その趣向自体はそれほど珍しくないのですが、本作が実現しているのは都玉の交代劇、つまり王位の継承であるところが新奇性の高いポイント。
初形では、攻方の玉が5五にいます。しかし、詰め上がりを見てみると、5五にいるのは玉方の玉。これがいままで実現されてこなかった難条件です。
この初形から玉方の玉を5五に持ってくるためには、当然ながら攻方の玉が最低2回動いて5五の地点を解放しなければいけないわけですが、玉方と違って攻め方には王手義務がありますから、玉を動かす手も相手玉への王手になっていなければならないわけです。
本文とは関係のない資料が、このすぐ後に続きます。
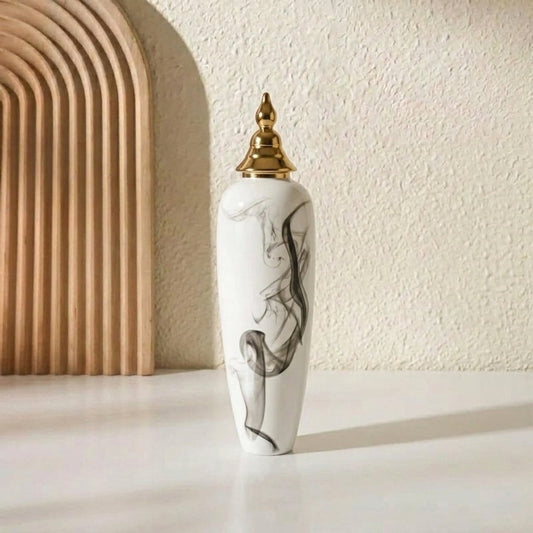 White ceramic decorative floor vase with black marble swirl design and gold lid perfect for living room corner and luxury home decor.
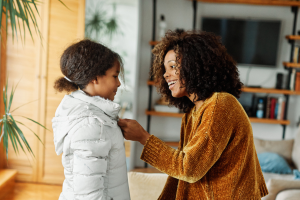 Mother and daughter getting ready to go outside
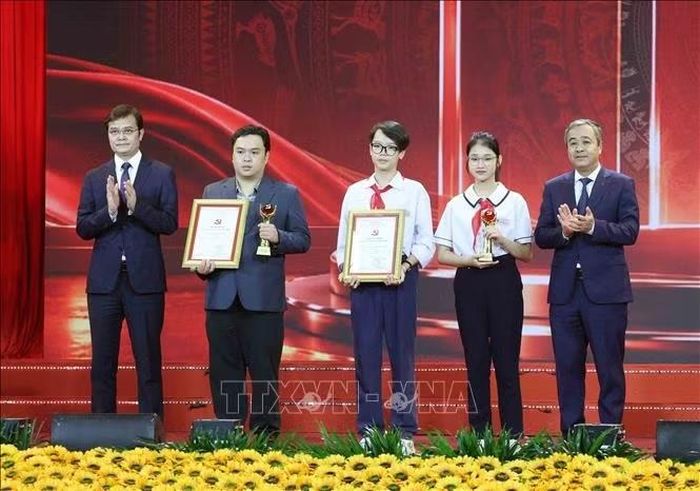 Đại diện tác giả lớn tuổi và nhỏ tuổi nhất nhận Giấy chứng nhận Cuộc thi. Ảnh: Phương Hoa/TTXVN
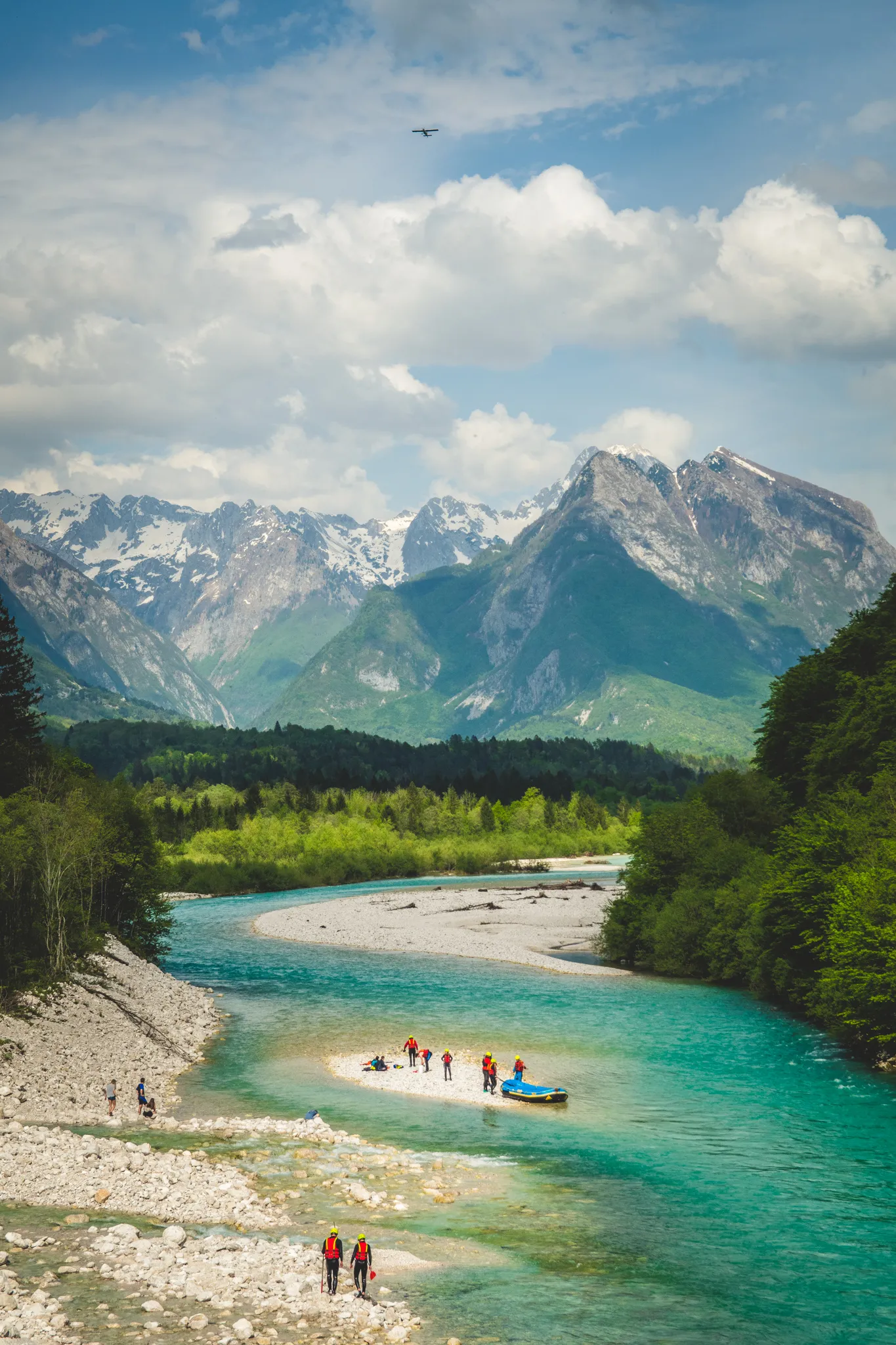 A group of rafters gathers on a white gravel sandbar in a vibrant turquoise river, with lush green forests and snow-capped mountain peaks rising under a cloudy sky.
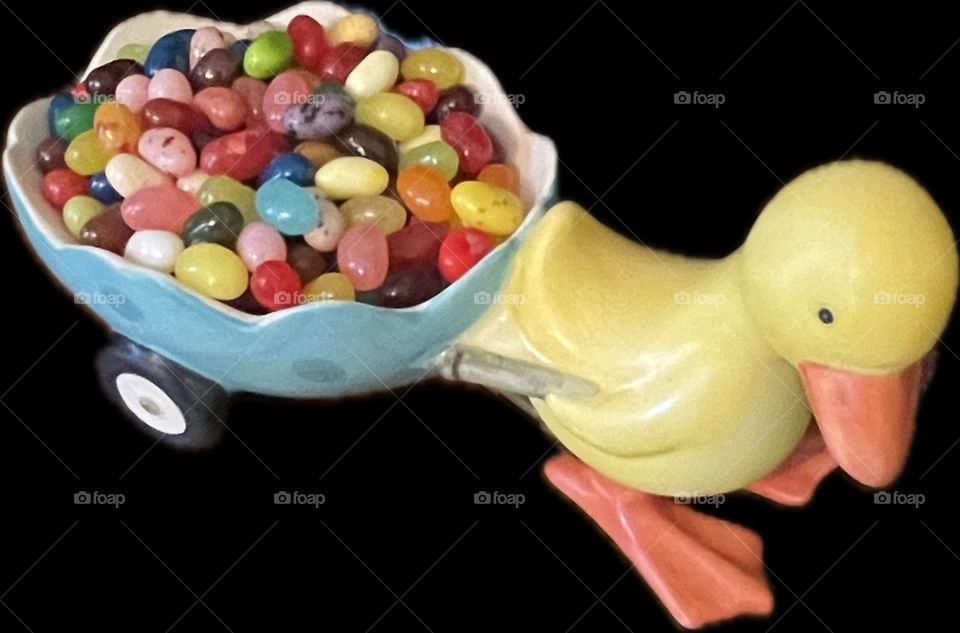A glossy yellow ceramic duckling pulls a cracked eggshell cart on tiny wheels, brimming with colorful jelly beans in red, green, yellow, and purple—sweet, playful, and perfect for springtime charm.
双玉煙で攻方の玉が2回動く、というだけでも希少な作品で、前例は岡村孝雄作「アツクナレ」(詰将棋パラダイス2020年11月号、看寿賞長編賞)、岸本裕真作「天動説」(詰将棋パラダイス2022年3月号)の2作だけ。「天動説」は攻方玉が5五の地点から2回動く作品でしたが、本記事の執筆にあたって岸本氏に尋ねると、氏は「空いた5五に玉方の玉を持ってくるなどということは考えもしなかった」とコメントしました。
しかも、玉方玉の初形位置は通常の将棋でも初期配置である5一、というのもこだわりを感じるポイント。斎藤八段らしい美学を感じる作品となっています。ぜひ並べて鑑賞してください。